PROVIDED DATA START

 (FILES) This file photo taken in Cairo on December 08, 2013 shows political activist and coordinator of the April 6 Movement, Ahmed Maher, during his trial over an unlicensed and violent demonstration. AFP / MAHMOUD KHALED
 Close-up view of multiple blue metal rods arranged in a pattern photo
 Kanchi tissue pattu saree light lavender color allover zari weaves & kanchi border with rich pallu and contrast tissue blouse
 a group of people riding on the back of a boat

PROVIDED DATA END

- WHAT THE TASK REQUIRES -
Repeat exactly the lines above, starting with the line that contains "Kanchi tissue pattu" and ending with the last line, both included, and nothing else.

- TASK ANSWER -
 Kanchi tissue pattu saree light lavender color allover zari weaves & kanchi border with rich pallu and contrast tissue blouse
 a group of people riding on the back of a boat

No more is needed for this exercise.